ウィキペディアの記事は軍事オタクが書いているとしか思えません。彼らは「焼夷弾は火をつける兵器、発煙弾は遮へいのための兵器。シロウトどもはこんな基本的な事柄が分かっていない」と考えているのです。
軍事オタクの最大の欠点は「物」しか見ることができず、戦争という問題において最も配慮すべきである「人間」について考えることができないところです。「物」にこだわるので、その名称などにも異常な固執を見せ、議論は大半が名称に関わることに終始します。しかし、この欠点は彼らの白リン弾に対する見解の欠点にもなります。個々の物質や物体に執着するので、その本質的な問題を見落としてしまうのです。白リン弾の問題では、発煙弾としての白リン弾と、焼夷兵器としての白リン弾の構造は同じだということを忘れています。また、化学物質は物質固有の性質だけでなく、濃度や重量などによる効能と実害の変化に着目しなければいけないことにすら気がついていません。
軍事議論というものは、少なくともウィキペディア日本語版に書かれているようなものではありません。しかし、どういうわけか、軍事オタクの間ではこうした議論が主流なのです。これは彼らがいかに現実的な議論から乖離しているかを示しています。大体、彼らがやっているような議論は海外では見られないもので、日本固有だと思います。だから、軍事問題を考える上では、彼らの議論は無視しても差し支えがありません。
白リン式の発煙弾と焼夷弾
ここではポピュラーな白リン弾を取り上げます。米軍など世界各国で使われている発煙弾、155mm榴弾砲用の白リン弾の「M110A1/A2(M110と記述します)」と「M825/A1(M825と記述します)」です。
特定兵器使用禁止条約では、主に焼き払うことを目的にした兵器を焼夷兵器と定義しています。焼夷効果が付随的である発煙弾は焼夷兵器に含まれません。条文には単に「発煙弾」としか定義しておらず、発煙弾にもさまざまな種類があることは無視されています。このため、発煙弾と名づければ、焼夷効果を持つ兵器も合法化されてしまうという問題が起きています。
兵器にはこうした曖昧な部分が存在します。たとえば、軍用銃の銃床を狩猟に適した形にして、狩猟銃として販売することがあります。機関部は軍用銃と同じでも、こういう銃は狩猟銃という名前で販売されます。日本では軍用銃やそれを模した銃を狩猟に用いることを認められていませんが、狩猟銃として販売されている軍用銃は許可されています。狩猟銃であるかどうかは警察が様々な情報を元に判断するのですが、銃器メーカーが狩猟銃だと言って販売している銃は、より許可が出やすくなる傾向があります。

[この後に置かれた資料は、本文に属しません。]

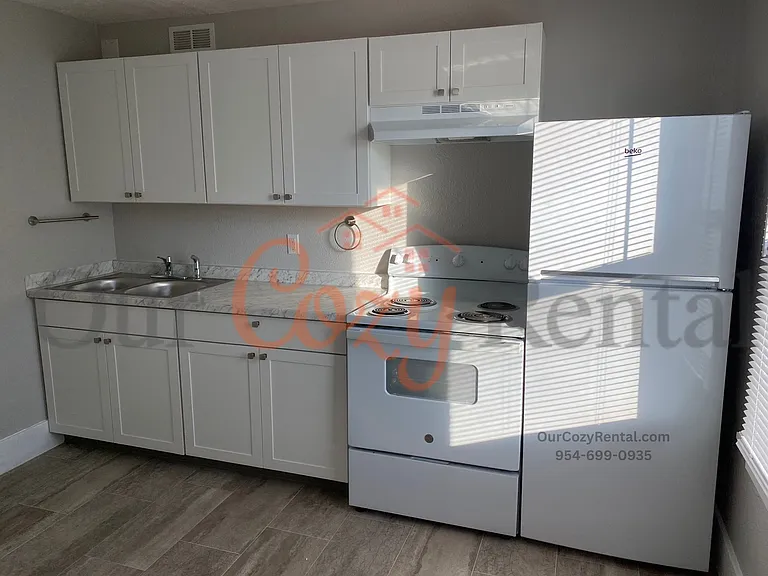 190 Wilson St E — Photo 2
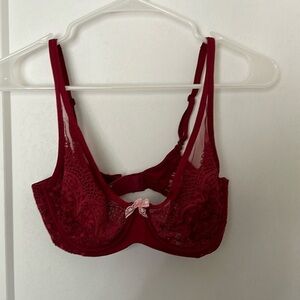 Body by Victoria Unlined Demi/Demo-Buste Non Double in Red!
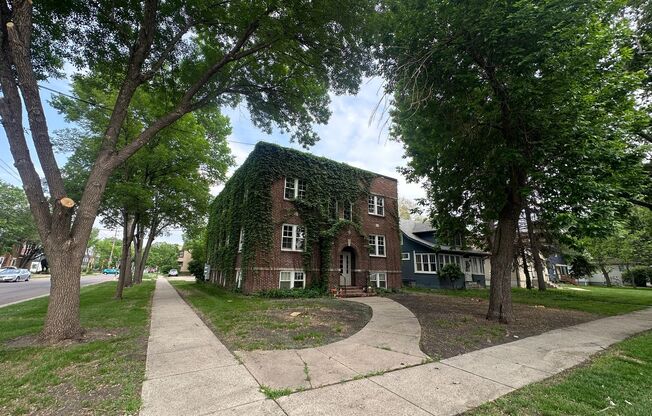 College Street Apartments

M110の構造図(下図)を見てください。これは同じM110でも、白リン弾ではなく、化学兵器を充填する化学弾の図ですが、構造は同じと考えて差し支えありません。「Agent」の部分がフェルトウェッジです。つまり、白リンを染み込ませたフェルトの塊です。「Tetrytol Burster」は「テトリトール炸薬(テトリルとTNT火薬との混合物)」。「Fuze Well Cap」は信管です。信管が装薬を爆発させると砲弾の外殻が破壊され、フェルトウェッジが散開します。この際、大半の白リンは爆発の燃焼で消滅します。白リンが酸素に触れると自然に発火が始まり、白リンをふくんだフェルトが燃えながら地表に落下します。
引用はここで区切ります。